Ante los múltiples acontecimientos que están apareciendo estos días, con temas de corrupción en casi todos los partidos con sus dimes y diretes, y con frecuentes pérdidas de memoria, me he recodado de que los viejos filósofos afirmaron "que la mentira daña más a su autor que al destinatario".
Violentar la verdad envilece a quien lo hace, aun cuando la primera percepción sea la del beneficio que obtiene el mentiroso.
En la simplificación de las campañas electorales, nos hemos ido acercando a la mentira, nos hemos acostumbrado a escuchar afirmaciones que con el mejor talante podríamos conceptuar como exageradas, y que quizá no puedan llegar a ser calificadas estrictamente de mentiras, ya que nadie es tan ingenuo para crearlas al pie de la letra.
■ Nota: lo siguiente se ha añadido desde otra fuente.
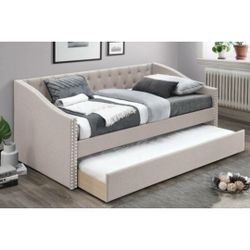 Beige Daybed With Trundle 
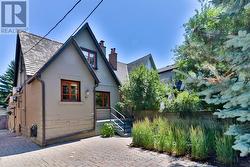 45 CAMERON CRESCENT  Toronto, ON M4G 2A1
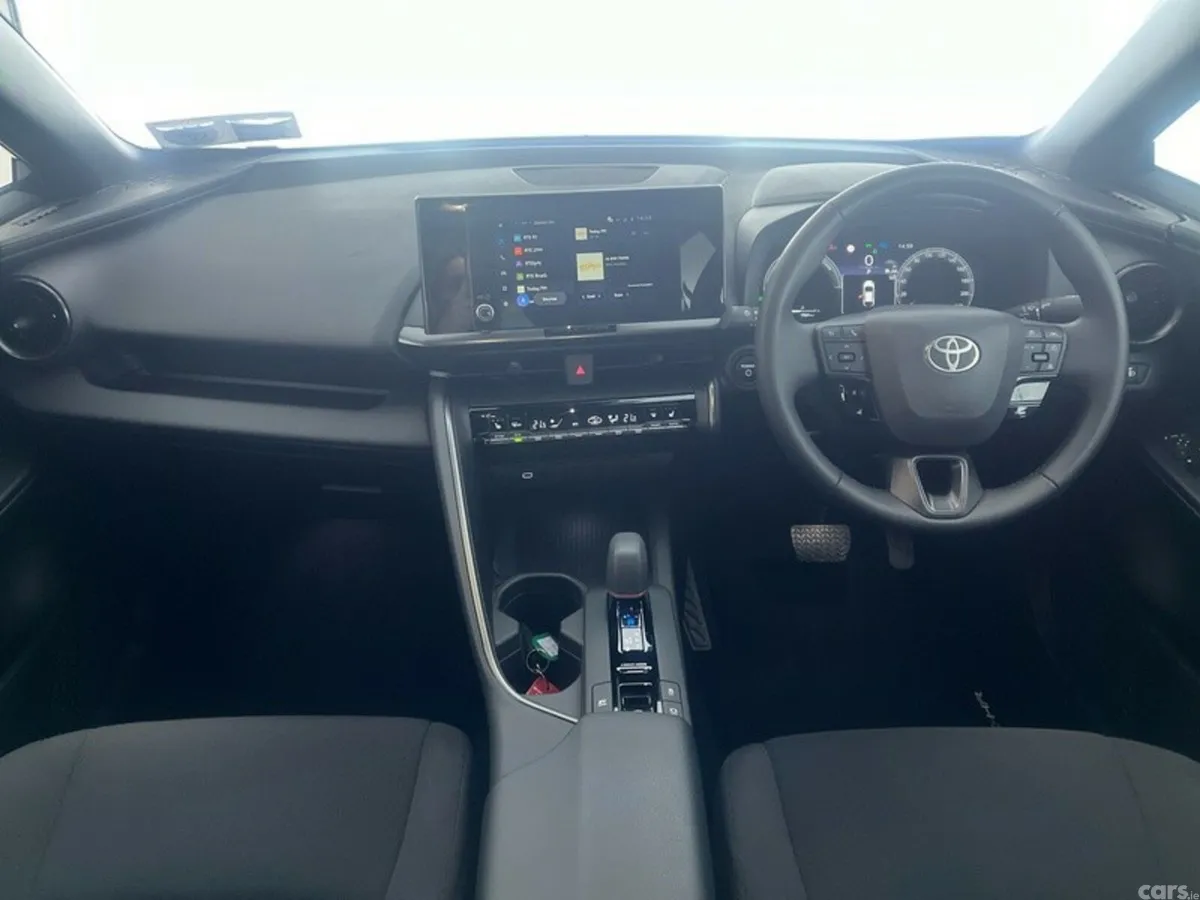Toyota C-HR SUV, Petrol Hybrid, 2025, Blue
Luego, al poner en práctica el programa si se llega a gobernar, tales afirmaciones se matizarán —"donde dije digo, digo diego"—, y aun así posiblemente todavía no entraríamos en el terreno de la mentira: ya se sabe que el lenguaje político en campaña tiene algo de críptico, metafórico y quimérico, y que contamos con la exageración de la bondad de la oferta que se nos hace.
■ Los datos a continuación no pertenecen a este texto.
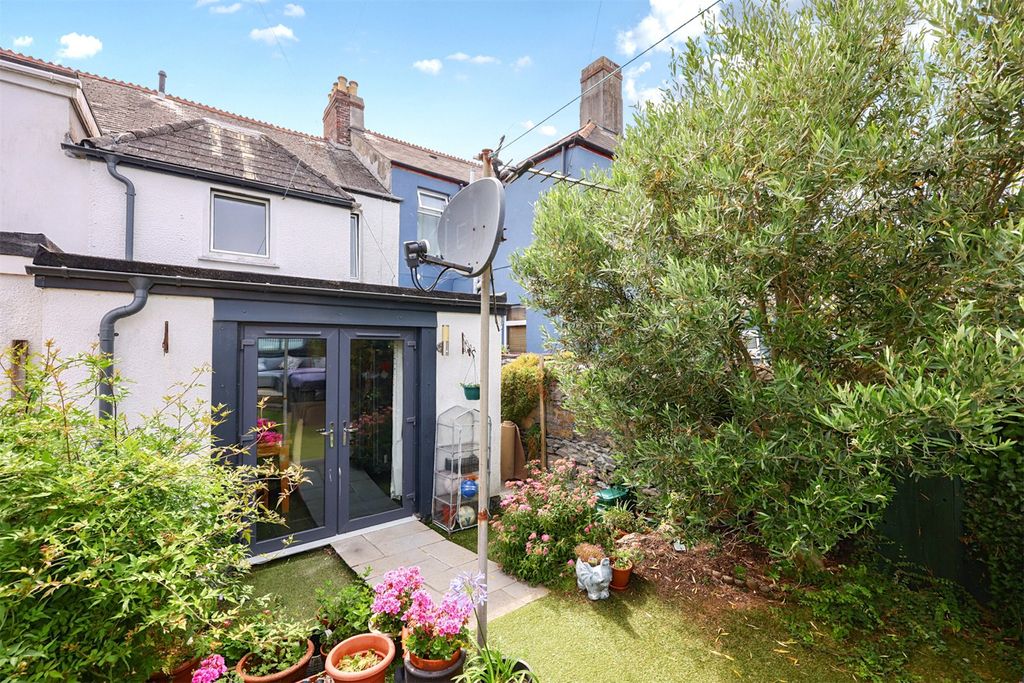 Property photo 1 of 11 Picture No. 12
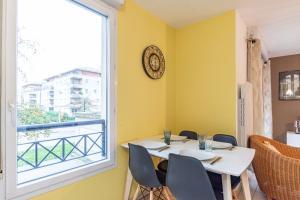 Appartements Mona, F2 pour 4 Pers. - Fairytale Factory : photos des chambres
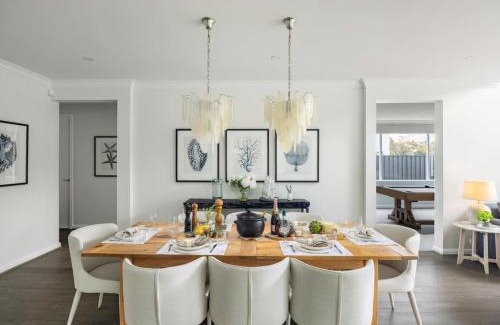 Rochedale House | Stunning and Luxurious 4-Bedroom Mansion at Rochedale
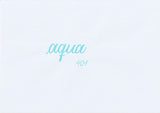 Handskriven text med ordet "aqua" i ljusblå färg, skriven med ABT Dual Brush Pen i nyansen 401 Aqua.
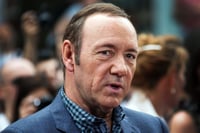 La demanda civil contra el actor Kevin Spacey que le acusa de haber agredido sexualmente a un adolescente en la década de los ochenta puede desestimarse después de que los abogados del denunciante comunicaran al juez este jueves que no ha querido identificarse. (ESPECIAL) 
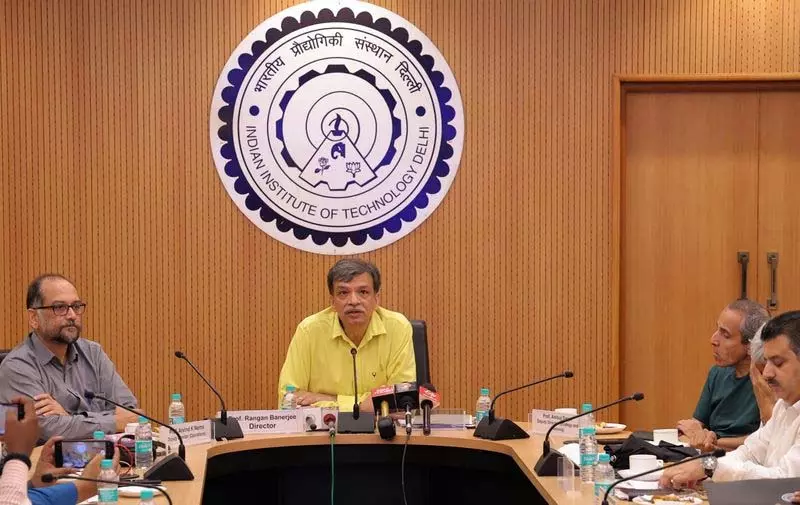Delhi: आत्महत्याओं के बीच आईआईटी-डी ने छात्रों की मदद के लिए हाथ बढ़ाया Delhi: आत्महत्याओं के बीच आईआईटी-डी ने छात्रों की मदद के लिए हाथ बढ़ाया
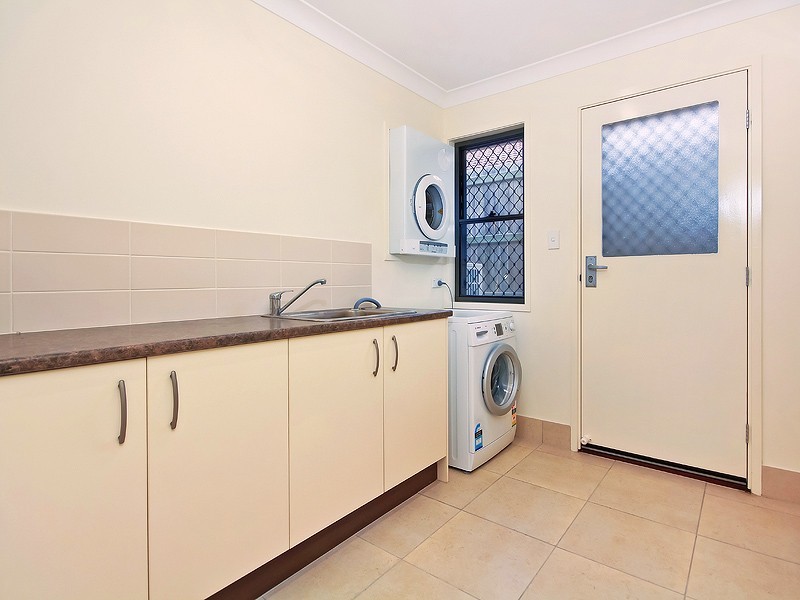 67 LAUREL STREET, Heathwood QLD 4110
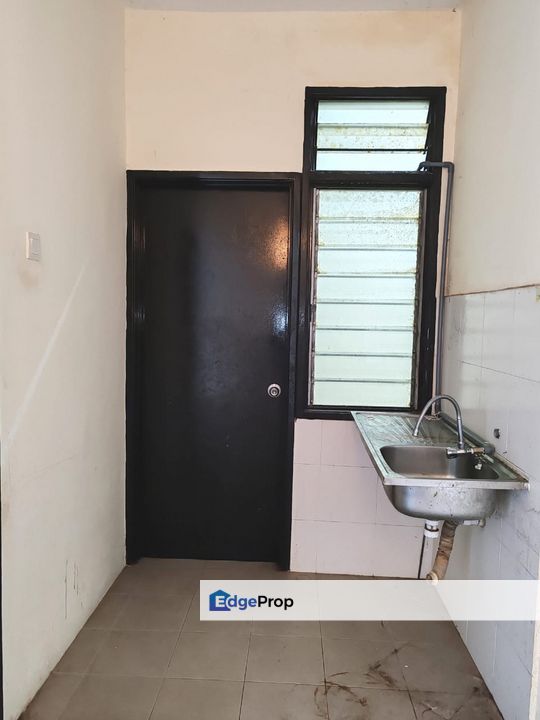 Rumah Pangsa Sri Orkid Ehsan Jaya Johor Jaya Medium Cost Flat For Sale, Johor, Johor Bahru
Lo malo es cuando se da un paso más y se pretende que la carta sacada de la manga sea legal. Podemos ser indulgentes con el mentiroso arrepentido, ¿pero qué crédito puede merecer quien niega lo evidente En último término, la credibilidad tiene su mejor fundamento en lo que se hace, en el testimonio personal, y no en lo que se dice.